Many people who have struggled to stick to a monthly budget, have succeeded in following a biweekly budget instead. One reason behind this is the fact that no two weeks are the same. Also, your entire monthly spending gets divided into fewer, manageable transactions. So, in case your budget didn’t work well for the first two weeks, you can tweak your next two week’s budgets instead of waiting for the month to end.  

If you’ve gone from a monthly pay schedule to a bi-weekly pay cycle lately and need to set a realistic budget, here are some tips for you:

Treating Third Paycheck Month Normal

Under a bi-weekly payroll, some months will have three checks while others will have two. So, it’s important to first create consistency in your monthly take-home pay for all 12 months of the year. Assuming that your monthly expenses remain constant every month, you should budget considering those ten months when you get paid twice. If you’ve made it through the month and still have a few dollars left in your account, you should be able to manage with two checks even during the months when you get three paychecks.
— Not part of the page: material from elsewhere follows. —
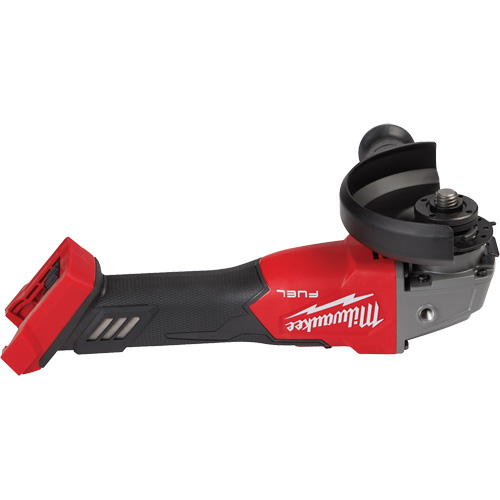 Meuleuse &agrave; frein &agrave; vitesse variable avec interrupteur &agrave; glissi&egrave;re verrouillable M18 Fuel, 18 V, Mandrin 5"/4-1/2", Lithium-ion Auto-Cam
It’s better to forget about the third paycheck while budgeting and consider it as an excellent opportunity to boost your savings, pay off your debt or fulfill any other financial goals when it occurs. As a result, you won’t have to compromise on your retirement plan while managing to pay your usual monthly expenses.

Budget Paycheck #1

The first step in creating your bi-weekly budget or any budget for that matter is to make a list of all purchases and expenses. To know your first paycheck expenses, you need to mark those bills that are due before the next paycheck arrives and create estimates of other expenses like groceries, utilities, gas, and so on for the two weeks in question. After paying for the expenses of the first half of the month, if you have any money left over you can add it to your emergency or retirement funds. While doing all this, you also need to make sure that you keep track of your spending and not go over budget.  
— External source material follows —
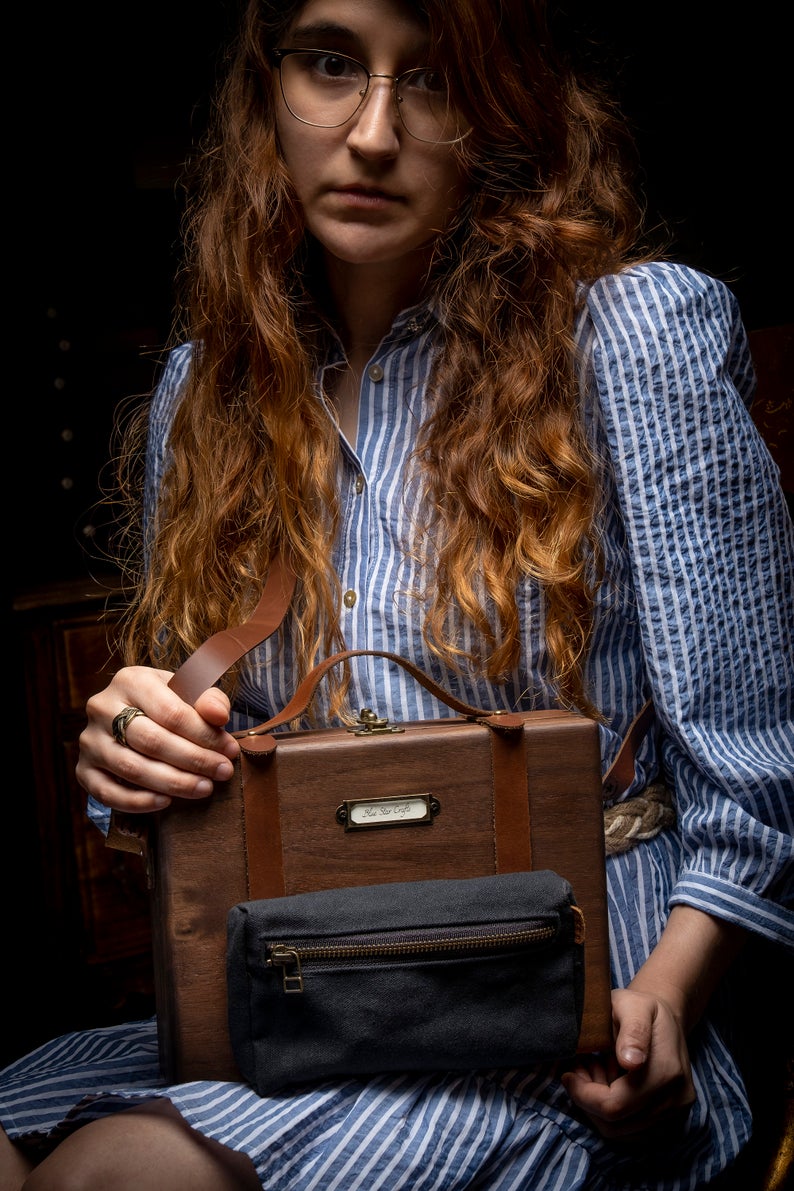 Xplorer A5 Wood Briefcase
However, it could be so that your bills might exceed your first paycheck amount. It’s when you might need to have some extra money in your account. If you’ve done your calculations right and don’t see such a problem coming up, you won’t need any buffer.

Budget Paycheck #2

Moving on to the second paycheck of the month, you can now start thinking about the remaining bills for the month. You’ll have to budget the same way as you did for your first paycheck. The expense list should again contain all the statements due after your second paycheck and further cost of groceries and other expenses. For an occasional glitch in the budget, you know there are same day quick cash loans to help or savings from your first paycheck.
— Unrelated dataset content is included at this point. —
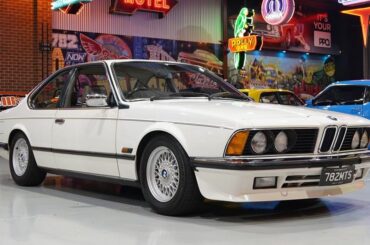 BMW E24 with a Turbo Ford Inline-Six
When you have a large amount of money deposited into your account, you tend to spend more. So, when the same amount is deposited in two installments, you become careful with your money. The success of a bi-weekly budget thrives on this very concept of spending money. You could have your bi-weekly budget even if you don’t get paid biweekly. All you need to do is first break monthly bills into weekly amounts and budget each paycheck accordingly. Finally, strategize on how to use your third paycheck to accomplish your financial goals.